■ Problem ■
Set down, character for character, everything in the records below from the line holding "warm room fireplace Royalty Free Stock Photo" down to the line holding "Maxomorra organic cotton", and no other line.

■ Information shown ■
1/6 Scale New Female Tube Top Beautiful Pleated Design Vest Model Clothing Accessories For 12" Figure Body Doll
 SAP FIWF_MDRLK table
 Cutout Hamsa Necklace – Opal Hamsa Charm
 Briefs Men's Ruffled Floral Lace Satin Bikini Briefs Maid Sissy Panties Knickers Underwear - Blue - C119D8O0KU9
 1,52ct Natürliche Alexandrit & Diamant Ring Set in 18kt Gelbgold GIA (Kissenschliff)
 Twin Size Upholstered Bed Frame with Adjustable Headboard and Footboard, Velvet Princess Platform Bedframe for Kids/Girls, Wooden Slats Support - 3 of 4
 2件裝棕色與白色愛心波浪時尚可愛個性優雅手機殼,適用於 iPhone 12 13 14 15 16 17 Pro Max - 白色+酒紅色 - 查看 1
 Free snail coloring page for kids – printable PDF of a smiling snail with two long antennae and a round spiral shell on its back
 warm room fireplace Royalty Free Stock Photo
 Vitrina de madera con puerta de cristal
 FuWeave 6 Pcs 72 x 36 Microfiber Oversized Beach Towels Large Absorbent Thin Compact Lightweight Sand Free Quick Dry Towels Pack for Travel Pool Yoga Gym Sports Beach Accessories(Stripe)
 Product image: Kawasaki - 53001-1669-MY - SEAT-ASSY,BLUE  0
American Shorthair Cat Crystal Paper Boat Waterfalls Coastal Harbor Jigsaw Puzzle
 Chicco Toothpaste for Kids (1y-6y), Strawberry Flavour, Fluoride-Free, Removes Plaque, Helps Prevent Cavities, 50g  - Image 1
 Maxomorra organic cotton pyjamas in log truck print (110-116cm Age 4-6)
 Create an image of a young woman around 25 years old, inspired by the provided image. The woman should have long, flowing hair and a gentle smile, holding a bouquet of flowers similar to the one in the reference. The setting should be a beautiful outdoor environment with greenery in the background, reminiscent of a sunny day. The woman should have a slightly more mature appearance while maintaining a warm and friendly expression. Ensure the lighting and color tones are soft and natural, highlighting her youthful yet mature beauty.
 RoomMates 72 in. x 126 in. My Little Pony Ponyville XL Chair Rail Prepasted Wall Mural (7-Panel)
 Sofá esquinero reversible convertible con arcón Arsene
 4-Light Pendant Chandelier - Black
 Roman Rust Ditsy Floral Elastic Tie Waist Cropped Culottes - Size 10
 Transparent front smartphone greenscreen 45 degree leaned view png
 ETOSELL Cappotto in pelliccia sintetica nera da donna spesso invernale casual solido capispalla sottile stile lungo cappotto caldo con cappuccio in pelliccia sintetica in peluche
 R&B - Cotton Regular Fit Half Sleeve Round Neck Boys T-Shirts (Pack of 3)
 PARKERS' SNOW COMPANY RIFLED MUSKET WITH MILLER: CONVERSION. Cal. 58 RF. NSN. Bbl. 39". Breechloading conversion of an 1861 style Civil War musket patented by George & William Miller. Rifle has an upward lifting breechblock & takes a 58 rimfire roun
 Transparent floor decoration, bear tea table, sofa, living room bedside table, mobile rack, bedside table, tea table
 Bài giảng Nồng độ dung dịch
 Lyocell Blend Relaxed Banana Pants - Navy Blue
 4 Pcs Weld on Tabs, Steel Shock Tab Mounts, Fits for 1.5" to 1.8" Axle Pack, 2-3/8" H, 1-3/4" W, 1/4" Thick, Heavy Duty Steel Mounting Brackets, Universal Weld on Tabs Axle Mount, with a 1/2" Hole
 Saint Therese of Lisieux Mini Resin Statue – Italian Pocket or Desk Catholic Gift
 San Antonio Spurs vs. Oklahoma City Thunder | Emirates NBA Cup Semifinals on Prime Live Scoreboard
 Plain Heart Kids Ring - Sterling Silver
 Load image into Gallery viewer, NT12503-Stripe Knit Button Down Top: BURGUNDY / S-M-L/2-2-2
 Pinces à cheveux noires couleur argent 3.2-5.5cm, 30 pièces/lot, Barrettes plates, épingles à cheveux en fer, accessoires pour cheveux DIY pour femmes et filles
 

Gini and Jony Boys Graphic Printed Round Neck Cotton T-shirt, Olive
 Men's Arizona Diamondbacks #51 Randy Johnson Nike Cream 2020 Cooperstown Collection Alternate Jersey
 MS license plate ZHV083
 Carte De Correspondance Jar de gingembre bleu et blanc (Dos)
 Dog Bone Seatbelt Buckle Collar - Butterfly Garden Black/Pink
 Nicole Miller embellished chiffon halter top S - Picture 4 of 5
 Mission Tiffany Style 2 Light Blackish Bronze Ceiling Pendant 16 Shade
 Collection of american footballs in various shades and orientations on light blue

■ Exercise output ■
 warm room fireplace Royalty Free Stock Photo
 Vitrina de madera con puerta de cristal
 FuWeave 6 Pcs 72 x 36 Microfiber Oversized Beach Towels Large Absorbent Thin Compact Lightweight Sand Free Quick Dry Towels Pack for Travel Pool Yoga Gym Sports Beach Accessories(Stripe)
 Product image: Kawasaki - 53001-1669-MY - SEAT-ASSY,BLUE  0
American Shorthair Cat Crystal Paper Boat Waterfalls Coastal Harbor Jigsaw Puzzle
 Chicco Toothpaste for Kids (1y-6y), Strawberry Flavour, Fluoride-Free, Removes Plaque, Helps Prevent Cavities, 50g  - Image 1
 Maxomorra organic cotton pyjamas in log truck print (110-116cm Age 4-6)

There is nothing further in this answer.